**EXERCISE INSTRUCTIONS**
Every line in the records below that holds the word "photo" is to be copied.

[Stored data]
--- START ---
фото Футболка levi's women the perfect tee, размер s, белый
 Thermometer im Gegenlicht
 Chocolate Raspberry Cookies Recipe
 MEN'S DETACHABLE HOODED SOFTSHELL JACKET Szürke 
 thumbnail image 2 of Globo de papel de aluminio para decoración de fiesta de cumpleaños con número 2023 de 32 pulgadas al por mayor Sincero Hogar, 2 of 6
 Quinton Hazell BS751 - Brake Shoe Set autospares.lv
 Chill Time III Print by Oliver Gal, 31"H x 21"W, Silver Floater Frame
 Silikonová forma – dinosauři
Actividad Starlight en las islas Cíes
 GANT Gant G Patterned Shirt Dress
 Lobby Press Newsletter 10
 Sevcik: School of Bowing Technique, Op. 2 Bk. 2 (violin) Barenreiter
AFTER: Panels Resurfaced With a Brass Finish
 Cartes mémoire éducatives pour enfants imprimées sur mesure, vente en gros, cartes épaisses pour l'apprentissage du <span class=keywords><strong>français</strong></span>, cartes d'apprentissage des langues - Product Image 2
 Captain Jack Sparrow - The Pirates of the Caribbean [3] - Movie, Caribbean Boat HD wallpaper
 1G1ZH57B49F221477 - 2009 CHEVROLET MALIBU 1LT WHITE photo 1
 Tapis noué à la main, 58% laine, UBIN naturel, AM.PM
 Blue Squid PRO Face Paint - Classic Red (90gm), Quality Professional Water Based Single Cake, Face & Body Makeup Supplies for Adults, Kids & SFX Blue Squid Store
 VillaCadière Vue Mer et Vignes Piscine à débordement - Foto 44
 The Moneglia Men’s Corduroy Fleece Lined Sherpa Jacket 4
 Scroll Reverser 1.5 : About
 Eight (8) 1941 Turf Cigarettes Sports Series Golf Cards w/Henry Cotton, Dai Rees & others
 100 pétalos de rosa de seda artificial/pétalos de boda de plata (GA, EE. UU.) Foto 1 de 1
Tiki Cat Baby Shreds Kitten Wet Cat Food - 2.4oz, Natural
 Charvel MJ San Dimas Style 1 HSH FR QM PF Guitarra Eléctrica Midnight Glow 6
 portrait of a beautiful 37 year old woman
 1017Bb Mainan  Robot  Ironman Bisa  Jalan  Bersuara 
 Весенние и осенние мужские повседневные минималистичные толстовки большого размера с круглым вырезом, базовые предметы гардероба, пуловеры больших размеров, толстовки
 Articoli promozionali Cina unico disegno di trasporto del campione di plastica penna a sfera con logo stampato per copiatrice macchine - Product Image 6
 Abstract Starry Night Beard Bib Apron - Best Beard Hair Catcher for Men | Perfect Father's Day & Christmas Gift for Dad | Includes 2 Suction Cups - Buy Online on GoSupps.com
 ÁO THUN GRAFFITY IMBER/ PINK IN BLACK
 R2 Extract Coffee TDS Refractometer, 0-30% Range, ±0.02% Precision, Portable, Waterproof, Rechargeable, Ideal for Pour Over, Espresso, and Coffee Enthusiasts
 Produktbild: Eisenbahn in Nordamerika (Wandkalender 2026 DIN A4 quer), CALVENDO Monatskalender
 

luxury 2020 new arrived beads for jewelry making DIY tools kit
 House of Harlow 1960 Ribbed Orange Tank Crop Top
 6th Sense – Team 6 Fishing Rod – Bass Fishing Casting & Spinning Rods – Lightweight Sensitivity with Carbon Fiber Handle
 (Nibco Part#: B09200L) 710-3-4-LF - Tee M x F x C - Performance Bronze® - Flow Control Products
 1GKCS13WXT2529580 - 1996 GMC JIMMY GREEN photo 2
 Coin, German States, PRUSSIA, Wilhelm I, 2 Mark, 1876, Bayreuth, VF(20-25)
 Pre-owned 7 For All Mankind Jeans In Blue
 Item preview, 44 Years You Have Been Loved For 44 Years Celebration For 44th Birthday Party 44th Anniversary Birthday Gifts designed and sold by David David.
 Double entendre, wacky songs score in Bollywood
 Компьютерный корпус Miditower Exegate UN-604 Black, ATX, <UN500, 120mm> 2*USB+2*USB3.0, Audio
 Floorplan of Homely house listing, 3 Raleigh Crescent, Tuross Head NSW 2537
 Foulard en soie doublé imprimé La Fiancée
--- END ---
**WRITTEN RESPONSE**
 1G1ZH57B49F221477 - 2009 CHEVROLET MALIBU 1LT WHITE photo 1
 1GKCS13WXT2529580 - 1996 GMC JIMMY GREEN photo 2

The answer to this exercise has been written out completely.